■ Data records
════════════════════
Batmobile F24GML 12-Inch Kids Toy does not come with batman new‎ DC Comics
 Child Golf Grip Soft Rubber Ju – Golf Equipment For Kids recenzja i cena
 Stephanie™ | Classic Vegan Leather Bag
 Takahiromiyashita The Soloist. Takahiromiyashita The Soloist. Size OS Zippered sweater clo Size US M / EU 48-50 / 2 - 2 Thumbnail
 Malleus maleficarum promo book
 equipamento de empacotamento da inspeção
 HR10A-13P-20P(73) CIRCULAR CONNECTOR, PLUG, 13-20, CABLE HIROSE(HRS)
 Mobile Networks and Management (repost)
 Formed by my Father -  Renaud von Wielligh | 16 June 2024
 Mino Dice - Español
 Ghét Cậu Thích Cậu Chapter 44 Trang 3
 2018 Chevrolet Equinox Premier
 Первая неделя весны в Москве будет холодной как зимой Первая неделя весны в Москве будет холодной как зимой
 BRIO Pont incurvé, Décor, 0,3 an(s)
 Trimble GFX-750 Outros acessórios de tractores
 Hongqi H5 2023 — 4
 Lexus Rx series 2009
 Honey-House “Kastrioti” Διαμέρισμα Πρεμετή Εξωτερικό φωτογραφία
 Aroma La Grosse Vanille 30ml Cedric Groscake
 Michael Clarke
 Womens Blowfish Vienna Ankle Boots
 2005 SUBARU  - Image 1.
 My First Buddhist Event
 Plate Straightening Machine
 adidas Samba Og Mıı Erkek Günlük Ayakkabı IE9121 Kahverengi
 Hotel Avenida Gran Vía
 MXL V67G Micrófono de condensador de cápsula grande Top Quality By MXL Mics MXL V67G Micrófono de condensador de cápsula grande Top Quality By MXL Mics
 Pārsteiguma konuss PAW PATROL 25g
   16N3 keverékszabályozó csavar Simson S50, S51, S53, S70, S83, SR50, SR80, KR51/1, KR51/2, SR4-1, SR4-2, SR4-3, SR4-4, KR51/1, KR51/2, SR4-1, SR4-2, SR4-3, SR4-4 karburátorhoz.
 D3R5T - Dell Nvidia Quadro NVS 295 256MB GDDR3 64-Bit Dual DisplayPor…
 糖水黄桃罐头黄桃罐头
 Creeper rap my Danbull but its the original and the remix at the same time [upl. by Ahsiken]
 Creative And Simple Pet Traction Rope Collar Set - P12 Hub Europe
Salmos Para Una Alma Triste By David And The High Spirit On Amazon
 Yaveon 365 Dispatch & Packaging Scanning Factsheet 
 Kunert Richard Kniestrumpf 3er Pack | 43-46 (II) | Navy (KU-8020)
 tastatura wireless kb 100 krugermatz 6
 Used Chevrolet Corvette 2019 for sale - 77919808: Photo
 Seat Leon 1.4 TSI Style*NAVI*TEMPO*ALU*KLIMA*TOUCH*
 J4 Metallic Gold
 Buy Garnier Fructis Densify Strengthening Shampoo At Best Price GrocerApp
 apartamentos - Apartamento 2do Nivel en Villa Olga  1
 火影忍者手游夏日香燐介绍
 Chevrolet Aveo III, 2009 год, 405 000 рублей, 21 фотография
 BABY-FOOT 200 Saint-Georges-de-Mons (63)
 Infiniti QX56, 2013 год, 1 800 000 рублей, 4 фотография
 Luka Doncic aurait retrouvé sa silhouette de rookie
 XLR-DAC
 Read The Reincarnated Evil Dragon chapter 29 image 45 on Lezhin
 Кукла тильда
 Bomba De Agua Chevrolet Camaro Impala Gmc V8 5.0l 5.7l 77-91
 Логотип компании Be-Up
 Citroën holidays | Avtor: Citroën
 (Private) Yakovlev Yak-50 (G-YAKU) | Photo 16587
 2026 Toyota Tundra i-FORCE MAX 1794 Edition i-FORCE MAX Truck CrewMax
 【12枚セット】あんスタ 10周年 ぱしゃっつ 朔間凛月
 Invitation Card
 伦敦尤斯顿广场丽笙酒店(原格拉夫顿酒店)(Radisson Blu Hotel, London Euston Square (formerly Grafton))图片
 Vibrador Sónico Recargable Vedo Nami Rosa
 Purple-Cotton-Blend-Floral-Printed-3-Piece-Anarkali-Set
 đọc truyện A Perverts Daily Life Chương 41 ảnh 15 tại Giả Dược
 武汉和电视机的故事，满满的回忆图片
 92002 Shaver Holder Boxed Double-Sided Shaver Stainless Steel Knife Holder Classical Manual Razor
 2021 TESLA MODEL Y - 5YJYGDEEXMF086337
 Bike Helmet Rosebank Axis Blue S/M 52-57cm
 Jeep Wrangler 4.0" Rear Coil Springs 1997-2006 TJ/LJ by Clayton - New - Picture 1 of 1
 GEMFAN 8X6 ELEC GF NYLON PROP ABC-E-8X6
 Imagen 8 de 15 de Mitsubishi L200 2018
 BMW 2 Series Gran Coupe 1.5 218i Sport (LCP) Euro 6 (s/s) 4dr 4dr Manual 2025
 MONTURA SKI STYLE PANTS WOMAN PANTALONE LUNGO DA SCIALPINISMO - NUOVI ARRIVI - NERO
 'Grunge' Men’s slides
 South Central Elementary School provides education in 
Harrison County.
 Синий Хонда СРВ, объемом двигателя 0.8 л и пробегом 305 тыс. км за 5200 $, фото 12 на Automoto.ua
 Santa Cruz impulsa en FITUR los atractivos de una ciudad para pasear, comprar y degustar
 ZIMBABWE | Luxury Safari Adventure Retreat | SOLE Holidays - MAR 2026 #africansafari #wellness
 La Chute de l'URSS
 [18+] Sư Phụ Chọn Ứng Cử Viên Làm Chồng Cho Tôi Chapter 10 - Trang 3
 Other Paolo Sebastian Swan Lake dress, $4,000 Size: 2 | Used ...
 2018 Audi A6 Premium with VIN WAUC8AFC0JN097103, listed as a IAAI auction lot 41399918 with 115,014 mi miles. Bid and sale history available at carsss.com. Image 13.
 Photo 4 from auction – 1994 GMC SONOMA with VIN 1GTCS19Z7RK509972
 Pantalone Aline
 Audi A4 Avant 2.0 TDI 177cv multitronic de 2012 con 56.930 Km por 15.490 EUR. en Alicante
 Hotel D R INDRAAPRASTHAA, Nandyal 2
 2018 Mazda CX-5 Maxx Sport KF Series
════════════════════
■ What you will do
Could you transcribe the entries above word for word, from the line with "Takahiromiyashita The Soloist. Takahiromiyashita" down to the line with "2018 Chevrolet Equinox Premier", keeping both?

■ Response for this exercise
 Takahiromiyashita The Soloist. Takahiromiyashita The Soloist. Size OS Zippered sweater clo Size US M / EU 48-50 / 2 - 2 Thumbnail
 Malleus maleficarum promo book
 equipamento de empacotamento da inspeção
 HR10A-13P-20P(73) CIRCULAR CONNECTOR, PLUG, 13-20, CABLE HIROSE(HRS)
 Mobile Networks and Management (repost)
 Formed by my Father -  Renaud von Wielligh | 16 June 2024
 Mino Dice - Español
 Ghét Cậu Thích Cậu Chapter 44 Trang 3
 2018 Chevrolet Equinox Premier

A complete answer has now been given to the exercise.